* **Task**
Would you copy exactly the lines in the data below from the one that has "This CT scan" through the one that has "Domain organization refers", dropping any pictures?

* **Material shown**
━━━━━━━━━━━━━━━━━━━━━━━━━━━━━━

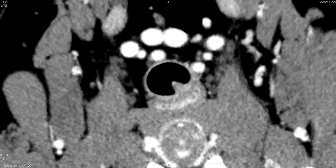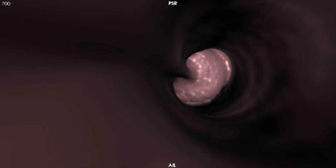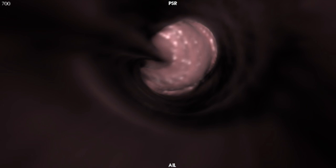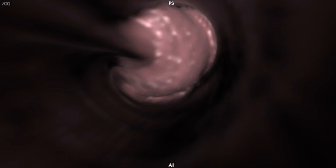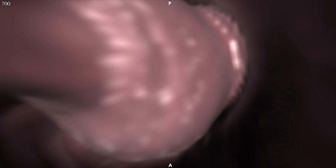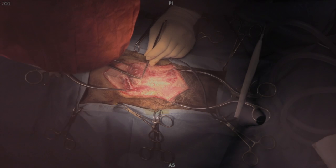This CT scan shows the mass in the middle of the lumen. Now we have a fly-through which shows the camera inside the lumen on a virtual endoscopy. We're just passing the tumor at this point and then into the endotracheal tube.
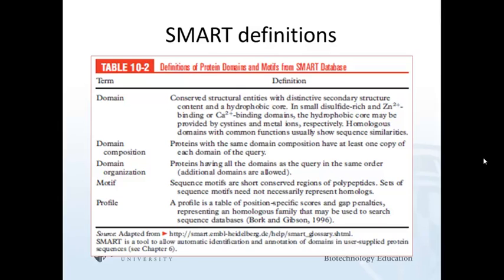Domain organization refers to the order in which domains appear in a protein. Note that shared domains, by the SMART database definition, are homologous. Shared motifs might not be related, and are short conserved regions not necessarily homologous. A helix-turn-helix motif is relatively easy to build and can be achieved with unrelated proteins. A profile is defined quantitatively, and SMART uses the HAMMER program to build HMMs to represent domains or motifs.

━━━━━━━━━━━━━━━━━━━━━━━━━━━━━━

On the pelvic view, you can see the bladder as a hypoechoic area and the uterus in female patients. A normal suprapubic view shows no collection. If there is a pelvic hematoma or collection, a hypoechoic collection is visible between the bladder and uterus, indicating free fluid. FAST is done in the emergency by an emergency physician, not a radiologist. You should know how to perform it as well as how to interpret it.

━━━━━━━━━━━━━━━━━━━━━━━━━━━━━━

* **Result below**
This CT scan shows the mass in the middle of the lumen. Now we have a fly-through which shows the camera inside the lumen on a virtual endoscopy. We're just passing the tumor at this point and then into the endotracheal tube.
Domain organization refers to the order in which domains appear in a protein. Note that shared domains, by the SMART database definition, are homologous. Shared motifs might not be related, and are short conserved regions not necessarily homologous. A helix-turn-helix motif is relatively easy to build and can be achieved with unrelated proteins. A profile is defined quantitatively, and SMART uses the HAMMER program to build HMMs to represent domains or motifs.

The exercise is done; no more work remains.